El inglés fue declarado la lengua oficial del Estados Unidos. Ha habido tantos cambios radicales en los últimos dos meses, que esta noticia pasó desapercibida, casi como un secreto, o como algo irrelevante. ¿Qué importa ―se preguntarán muchos― si ya todos hablan inglés allá? ¿Qué importa si al fin y al cabo el inglés es el idioma mundial?
Importa y mucho. La diversidad cultural pasa por el lenguaje, y buena parte de la riqueza de una lengua viene de su interacción con otras. Los estadounidenses, la mayoría de los cuales no conoce otro idioma, estarán ahora condenados al peligro de atenerse a una sola forma de ver el mundo, y peor, una sola forma de narrarlo.
Esto afecta no solo a los inmigrantes, sino a toda la población, que va a tener menos contacto con todo lo foráneo, incluida la música, que puede ser la forma más eficaz de aprender otro idioma y de sumergirse en una forma diversa de concebir el mundo. Los diferentes ritmos y las diversas letras no solo nos hablan de una cultura, sino de su historia y de su realidad.

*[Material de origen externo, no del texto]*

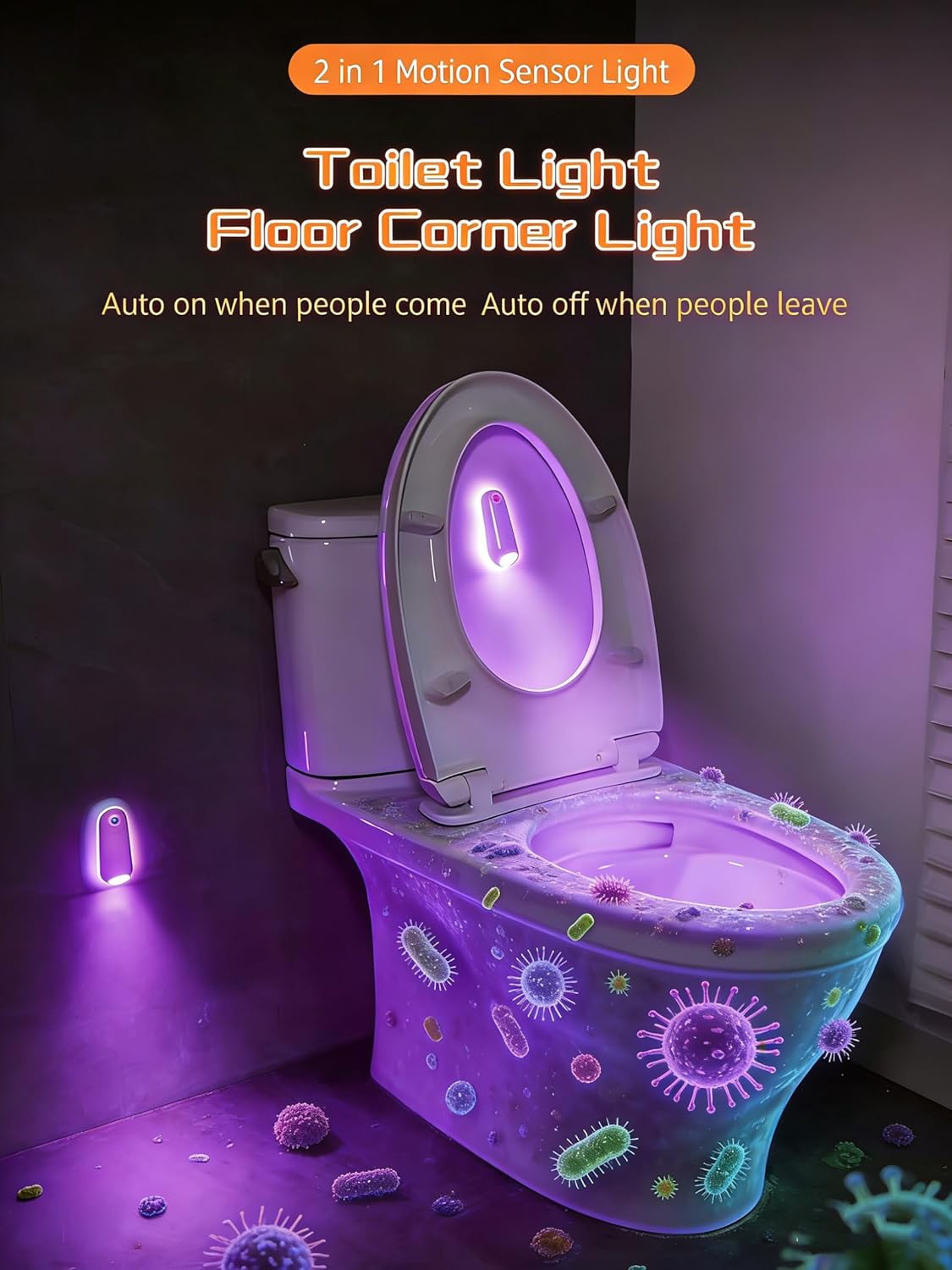 Self Cleaning UV Toilet Sanitizer and Night Light, Waterproof Deodorizing Toilet Cleaning Light, Motion-Activated, No Residue, No Odor, Reduces Bacterial Exposure and Preventing Nighttime Falls (2Pcs)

Hubo un tiempo, no hace tanto, en el que no existía la palabra globalización y no era por un decreto sino por una imposibilidad física que las culturas interactuaban poco entre sí. El mundo, y Estados Unidos como parte de él, estaba sediento de conocer cosas nuevas, pero no era fácil. No había redes sociales, no existía la inmediatez de la información, y los discos se vendían en acetatos y se demoraban mucho para llegar a cualquier parte. Hasta los años setenta, casi los únicos que habían penetrado el codiciado mercado estadounidense de la música eran los grupos de rock ingleses.
Pero un hombre cambió todo eso. Uno solo. Un músico mediocre (todo hay que decirlo), un cantante flojo, que tenía letras edulcoradas y que aparecía siempre con un bronceado mediterráneo y una sonrisa de actor de cine. El hombre se llama Julio Iglesias, y a él le debemos, en buena parte, que Estados Unidos haya conocido la música cantada en español.
El escritor Ignacio Peyró acaba de publicar El español que enamoró al mundo, una biografía de Julio Iglesias en la que nos recuerda la importancia monumental de este hombre que, sin hablar ni una palabra de inglés, fue el ariete que rompió la muralla y les allanó el camino a tantos que vinieron después (incluido su hijo Enrique y, por qué no, nuestra amada Shakira).
Apenas comenzaba la década de los ochenta cuando Julio Iglesias ya se había tomado los escenarios más tradicionales de la cultura estadounidense, esos escenarios donde no entraría jamás un extranjero y mucho menos un gallego que hablaba un inglés incomprensible y que cantaba baladas en espanglish con arreglos que parecían navideños. Julio Iglesias, según Peyró, entró en la mismísima Casa Blanca, donde se volvió amigo de los Reagan y de los Clinton, y cantó con Dolly Parton, la leyenda de la música country, y con Frank Sinatra, el más famoso artista estadounidense del siglo XX. Julio se volvió tan famoso en Estados Unidos que apareció en un capítulo de Los Simpson, lo que terminó de consagrarlo como un ícono pop y le dio un estatus de leyenda.
Puede que no nos guste su música. Puede que incluso nos dé fastidio esa dentadura que parece postiza, el pelo que ondea en el viento, las gafas oscuras que reflejan el sol del verano o esos trajecitos de lino blancos con los que le gusta vestirse. Puede que Julio Iglesias sea sinónimo de “música de mamás” o de “símbolo sexual de la menopausia” (como lo llamó la revista Time), pero no podemos dejar de admirar su monumental carrera. Julio Iglesias puso a millones de gringos a cantar en un idioma que no era el suyo, les dio la posibilidad de enamorarse de otra lengua que apenas si podían vislumbrar, los hizo saber que más allá de sus fronteras hay otras historias, otras realidades, otros sonidos, y que, al final, también hay otras voces, tal vez unas que se demoren muchos años para volverse a escuchar.